Por Carlos Alonso Lucio - 05 de Agosto 2025


Estaba haciendo fila para entrar a cine —sí, a cine— cuando, entre las personas que esperaban su turno, me topé con un viejo conocido. Un excompañero del M-19 al que no veía desde hace años. Solo sabía de él lo que se murmura por ahí: que ahora es activista del Pacto Histórico, de esos a los que les pasaron un contratico en el Ministerio de Igualdad. No creo que supere los tres milloncitos mensuales.

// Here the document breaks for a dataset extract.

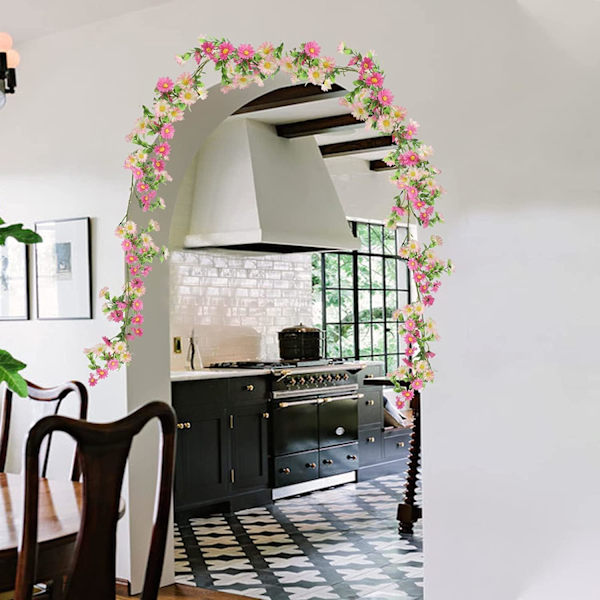 200cm Kunstig Blomsterguirlande Daisy Vine, Kunstig Blomster Bryllup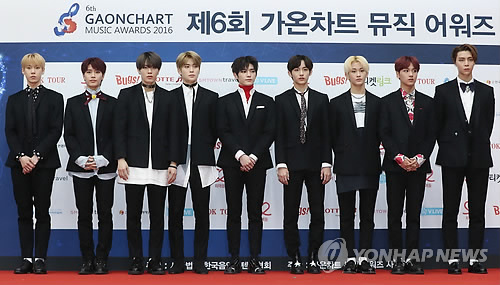 This file photo shows members of SM Entertainment's boy band NCT 127 at the 2016 Gaon Chart Music Awards held at the Olympic Park in southern Seoul on Feb. 22, 2017. (Yonhap)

Un puesto simbólico, de esos que se pagan más por lealtad ideológica que por mérito.

Por delicadeza con él —para que no lo echen por haberme saludado— voy a cambiarle el nombre. Digamos que se llama Gustavo*. En este gobierno no sería la primera vez que alguien pierde el empleo por el delito de haber sido amigo mío. A más de uno lo han sacado por el simple hecho de haber trabajado conmigo hace 25 o 30 años. Así de mezquina se vuelve esa gente cuando ya está en el poder.

El saludo fue breve, como esos encuentros que sorprenden al paso.

—Hola, Carlos—, me dijo.

—Hola, Gustavo*. ¿Qué hay de su vida? —le respondí—.

—Por ahí lo he leído… como que usted se volvió de derecha —me soltó con esa sonrisa condescendiente tan propia de quienes creen que tienen la brújula moral del mundo.

La tara postmoderna de la mamertería: el que no es petrista, es de derecha.

No me molesté. Solo le pregunté:

—¿Y cómo vio la condena de Uribe?

Su respuesta fue tan rápida como visceral:

—Carlos, usted sabe que yo sigo siendo revolucionario… y odio a ese hijuetantas.

No hubo más. La fila avanzó, entramos a sala, cada quien tomó su asiento en ubicaciones distintas.

Pero yo me quedé pensando…

Lo que me dijo Gustavo no me sorprendió. Lo que me preocupó fue la naturalidad, si se quiere, la ligereza con la que lo dijo. Esa forma simplista, ideologizada, binaria, en la que muchos están leyendo lo que está ocurriendo: como si fuera un triunfo ideológico. Como si la condena de Álvaro Uribe fuera una victoria de la “izquierda” sobre la “derecha”. Como si todo se tratara —otra vez— de uribistas contra antiuribistas.

Esa forma de mirar el país es, simplemente, estúpida.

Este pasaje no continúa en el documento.